Legislation passed to avoid the so-called “fiscal cliff” cuts reimbursement to certain medical imaging services and retains the medical device excise tax.
Legislation passed to avoid the so-called “fiscal cliff” cuts reimbursement to certain medical imaging services and retains the medical device excise tax - elements industry advocates said would hinder patient access and threaten jobs.
"When you add up all the Medicare cuts and Congress' reluctance to address the $30 billion medical device tax, this legislation produces a devastating impact that harms patient access to care, moves manufacturing jobs overseas and threatens America's leadership in medical research and development," Gail Rodriguez, executive director of the Medical Imaging and Technology Alliance, said in a statement.
Congress passed the legislation this week to avert drastic automatic spending cuts and tax hikes.
The measure reduces physician office Medicare payments for advanced imaging services by $800 million and hospital payments for radiation therapy by $300 million over 10 years, according to MITA. The legislation also retains the 2.3 percent medical device tax.
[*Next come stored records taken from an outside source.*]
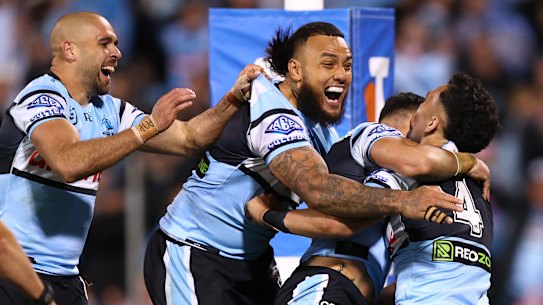 Oh we’re the real deal, baby. Cronulla celebrate a try against Canberra.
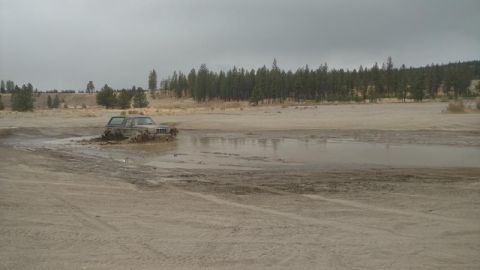 1995 Ford Bronco - Ford Bronco navigating a muddy off-road course.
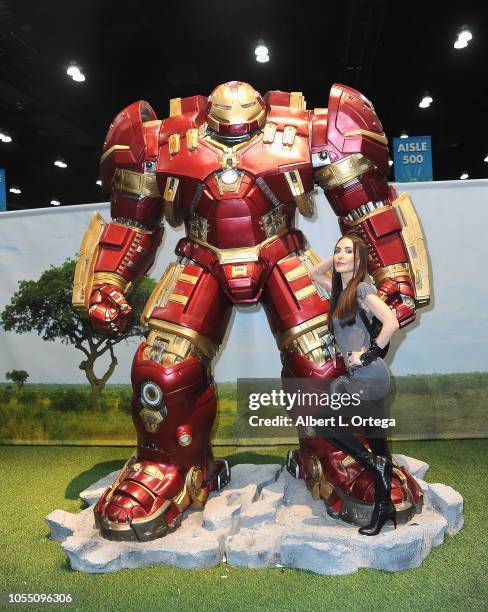 Actress Mandy Amano poses with the Hulkbuster Iron Man suit on day 3of Los Angeles Comic Con held at Los Angeles Convention Center on October 28,...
The Access to Medical Imaging Coalition said the cuts represent another “imaging-targeted provision” compounding pervious reductions for imaging services in recent years. The cuts come as imgaging use has declined, AMIC said. A recent MITA report found utilization per Medicare beneficiary has declined by 5.12 percent since 2009 and spending on imaging services has dropped 16.7 percent since 2006.
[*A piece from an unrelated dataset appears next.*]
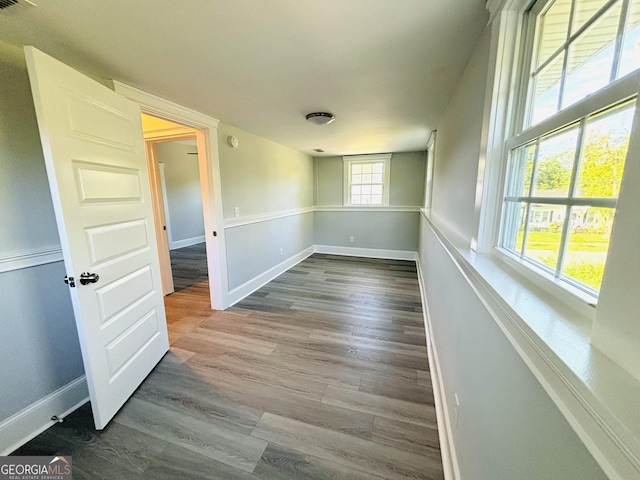 spare room featuring wood-type flooring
“Unfortunately rather than basing payment decisions on up-to-date data, which show imaging use on the decline, Congress is blindly slashing Medicare payments for diagnostics without true knowledge about how their previous cuts affect seniors’ access to early diagnosis services,” Tim Trysla, AMIC’s executive director, said in a statement. “We know that cuts which already have gone into effect have forced physician practices and providers to scale back on clinical staff and forgo technology upgrades.”
The legislation did include a provision to stop the scheduled 27 percent cut in Medicare physician payments. The so-called “doc fix” staves off Sustainable Growth Rate mandated cuts for one year.